- The precision obtained by the AI of the best note in the hardest reference in the world is improved 183% in just two weeks
- Chatgpt O3-Mini now scores precision up to 13% depending on the capacity
- OPENAI Deep Research erases competition with a precision result of 26.6%
The most difficult AI examination in the world, the last examination of humanity, was launched less than two weeks ago, and we have already seen a huge precision jump, with Chatgpt O3-Mini and now the Openai deep reasoning at the top of the ranking.
The benchmark for AI created by experts from around the world contains some of the most difficult problems and questions of human -known reasoning – it is so difficult that when I have already written on the last examination of humanity In the article linked above, I could not even understand one of the questions, and even less, answer it.
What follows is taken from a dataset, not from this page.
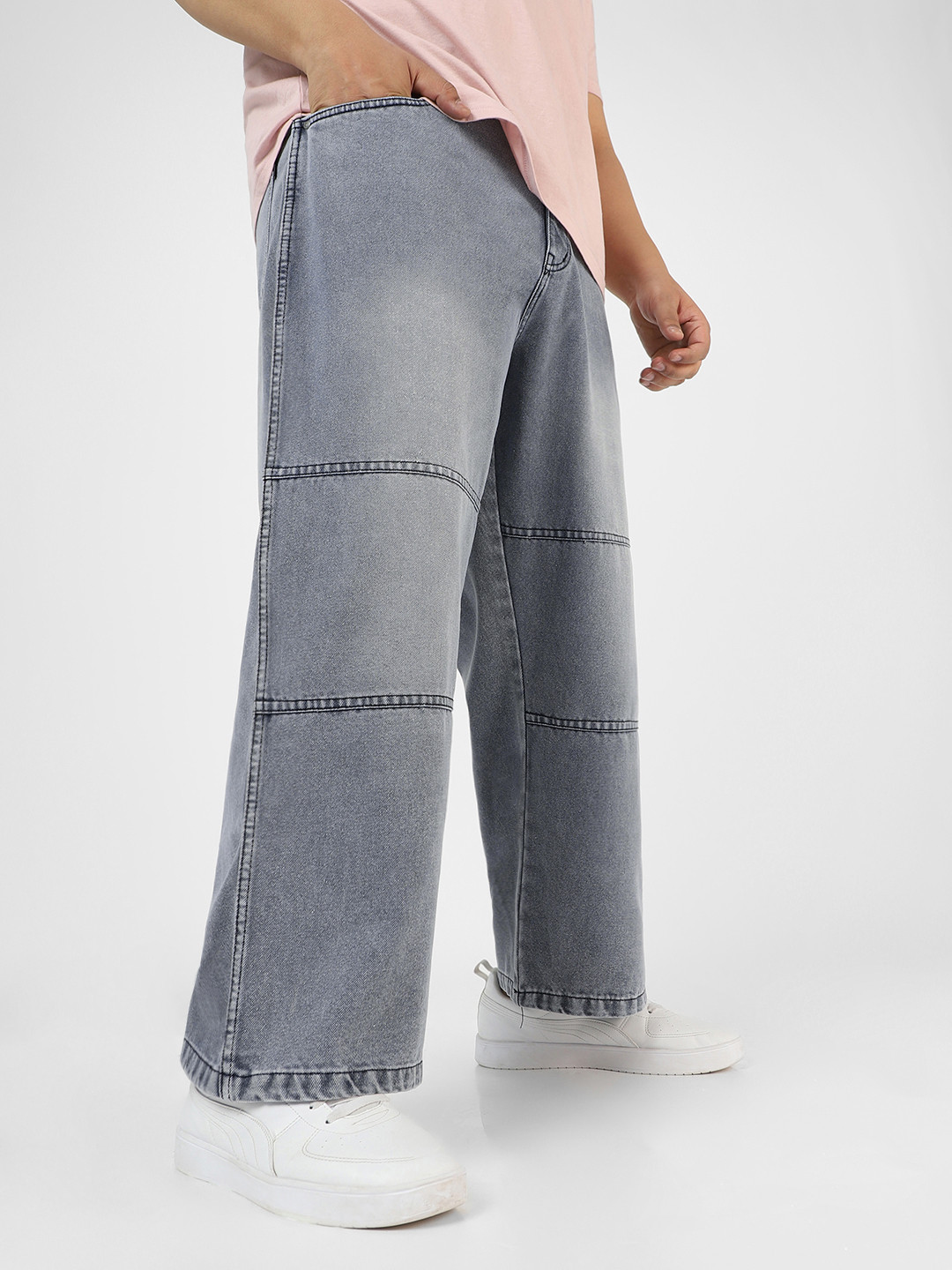 Urbano Plus Men Loose Baggy Fit Cut and Sew Panelled Jeans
At the time of writing this last article, the global Deepseek R1 phenomenon was seated at the top of the classification with a 9.4% precision score when evaluated only on the text (not multimodal). Now, O3-Mini d’Openai, which was launched earlier this week, has obtained a precision of 10.5% at the O3-Mini, and a precision of 13% at the O3-Mini-High, this Who is smarter but takes more time to generate answers.
More impressive, however, is the new score of the OPENAI Deep Research IA agent on the benchmark, the new tool marking 26.6%, a huge increase of 183% of the accuracy of the results in less than 10 days . Now, it should be noted that deep research has research capacities that make comparisons slightly unfair, like other AI models do not. The possibility of looking for the web is useful for a test like the last examination of humanity, because it includes certain general questions based on knowledge.
That said, the accuracy of the results of the models taking the latest results of the humanity examination improves regularly, and that makes you ask you how long we will have to wait to see a model of AI get closer to the reference . Realistically, AI should not be able to get closer to it soon, but I would not bet against it.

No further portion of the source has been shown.